Ikeja Electric (IE) Distribution Company says it will invest N148 billion in two and a half years to upgrade infrastructure across its network to achieve improved service delivery.
Mr Olatayo Olalere, Head of Network Optimisation, IE, made the disclosure on Wednesday at a webinar on Service Reflective Tariff (SRT) with the electricity Distribution Company’s customers impacted by the review.
The new tariff regime came into effect on Sept. 1 with the approval of the Nigerian Electricity Regulatory Commission (NERC).
Olalere noted that according to NERC’s directive, customers enjoying less than 12 hours daily supply of electricity were not affected by the increment while others have been categorised into Bands A, B and C.
He explained that customers on Band A would receive an average of 20 hours per day; Band B customers would receive a minimum of 16 hours per day, while Band C customers would receive a minimum of 12 hours per day.
“As part of our improvement plans, a total of N148 will be invested in network infrastructure upgrade across the IE network based on the identified customer clusters to improved service delivery in two and a half years. ”
The total investment which will be in phases will cut across infrastructure upgrade to support NMD metering, energy growth, network stability and efficiency, “Olalere said.
According to him, the investment include installation of additional 240 transformers to relieve existing overloaded transformers on feeders and replacement of panels in 21 injection substations.

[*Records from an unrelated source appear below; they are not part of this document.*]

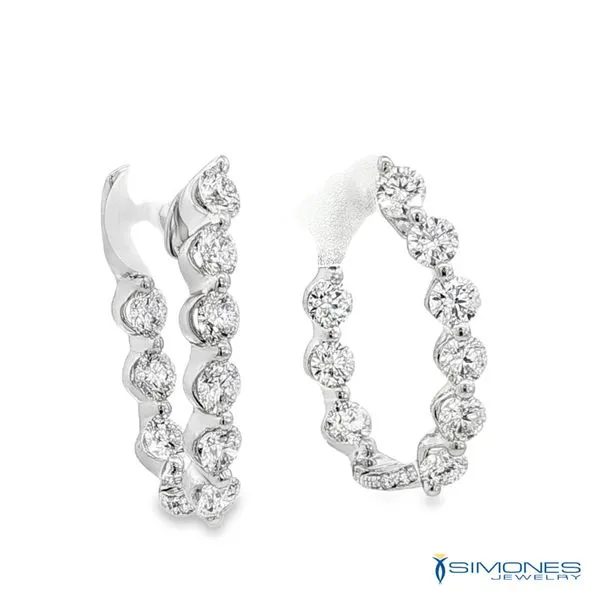 18K White Diamond Hoop Earrings Image 5 Simones Jewelry, LLC Shrewsbury, NJ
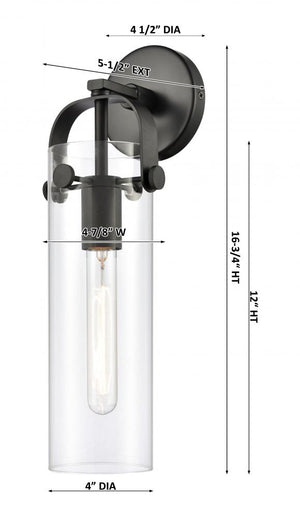 Marvelle 4" One Light Sconce, Matte Black / Clear Shade
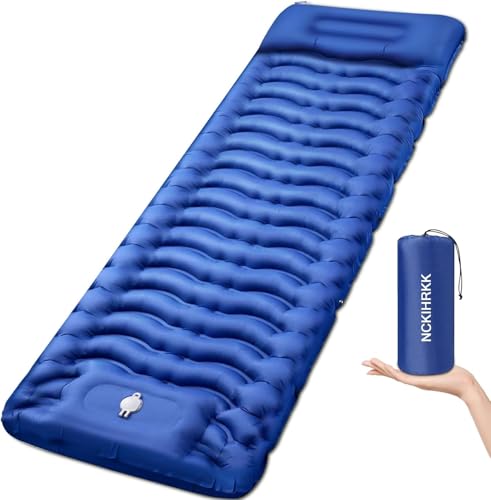 NCKIHRKK Colchon Hinchable Camping, 12 cm de Espesor Colchon Inflable Campings, Esterilla Hinchable Camping con Almohada y Bomba de Pie, Colchoneta Campings para Dormir para Senderismo Mochilero, Azul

He said the DisCo had also increased its Meter Asset Providers (MAPs) from three to eight to accelerate the metering of customers within its network of operations.
Olalere explained that Section 6 of the Multi Year Tariff Order (MYTO) methodology provides for biannual minor review of the tariffs taking into consideration changes in exogenous variables such as inflation, gas prices and foreign exchange rates.